<<<<

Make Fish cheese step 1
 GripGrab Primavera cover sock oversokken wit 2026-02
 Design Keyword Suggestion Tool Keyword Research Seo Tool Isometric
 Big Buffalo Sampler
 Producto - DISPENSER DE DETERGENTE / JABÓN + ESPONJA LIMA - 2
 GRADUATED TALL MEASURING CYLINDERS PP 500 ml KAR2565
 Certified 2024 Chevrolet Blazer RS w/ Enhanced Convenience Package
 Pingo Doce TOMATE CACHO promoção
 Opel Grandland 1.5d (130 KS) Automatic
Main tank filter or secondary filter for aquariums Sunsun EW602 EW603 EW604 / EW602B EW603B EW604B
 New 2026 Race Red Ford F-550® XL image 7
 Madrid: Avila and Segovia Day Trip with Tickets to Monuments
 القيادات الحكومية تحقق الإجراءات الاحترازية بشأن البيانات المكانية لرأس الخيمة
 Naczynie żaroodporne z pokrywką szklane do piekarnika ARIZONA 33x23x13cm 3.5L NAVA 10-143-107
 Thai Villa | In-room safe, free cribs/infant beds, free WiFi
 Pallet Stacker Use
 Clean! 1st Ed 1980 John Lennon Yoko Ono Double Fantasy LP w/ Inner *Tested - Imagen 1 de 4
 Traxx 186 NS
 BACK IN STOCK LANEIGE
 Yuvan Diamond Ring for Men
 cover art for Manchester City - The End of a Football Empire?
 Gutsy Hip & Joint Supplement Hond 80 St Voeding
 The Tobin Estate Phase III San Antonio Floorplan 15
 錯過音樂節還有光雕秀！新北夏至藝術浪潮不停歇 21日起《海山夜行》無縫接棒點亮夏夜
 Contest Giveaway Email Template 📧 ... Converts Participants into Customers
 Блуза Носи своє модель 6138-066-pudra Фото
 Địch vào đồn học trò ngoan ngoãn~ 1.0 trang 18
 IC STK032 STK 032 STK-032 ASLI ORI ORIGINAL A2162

>>>>

§ **TO DO**: What you return must be the line that contains "Pingo Doce TOMATE CACHO promoção" followed by every remaining line of the material, all exactly as written and nothing more.

§ **ANSWER FOR THIS EXERCISE**:
 Pingo Doce TOMATE CACHO promoção
 Opel Grandland 1.5d (130 KS) Automatic
Main tank filter or secondary filter for aquariums Sunsun EW602 EW603 EW604 / EW602B EW603B EW604B
 New 2026 Race Red Ford F-550® XL image 7
 Madrid: Avila and Segovia Day Trip with Tickets to Monuments
 القيادات الحكومية تحقق الإجراءات الاحترازية بشأن البيانات المكانية لرأس الخيمة
 Naczynie żaroodporne z pokrywką szklane do piekarnika ARIZONA 33x23x13cm 3.5L NAVA 10-143-107
 Thai Villa | In-room safe, free cribs/infant beds, free WiFi
 Pallet Stacker Use
 Clean! 1st Ed 1980 John Lennon Yoko Ono Double Fantasy LP w/ Inner *Tested - Imagen 1 de 4
 Traxx 186 NS
 BACK IN STOCK LANEIGE
 Yuvan Diamond Ring for Men
 cover art for Manchester City - The End of a Football Empire?
 Gutsy Hip & Joint Supplement Hond 80 St Voeding
 The Tobin Estate Phase III San Antonio Floorplan 15
 錯過音樂節還有光雕秀！新北夏至藝術浪潮不停歇 21日起《海山夜行》無縫接棒點亮夏夜
 Contest Giveaway Email Template 📧 ... Converts Participants into Customers
 Блуза Носи своє модель 6138-066-pudra Фото
 Địch vào đồn học trò ngoan ngoãn~ 1.0 trang 18
 IC STK032 STK 032 STK-032 ASLI ORI ORIGINAL A2162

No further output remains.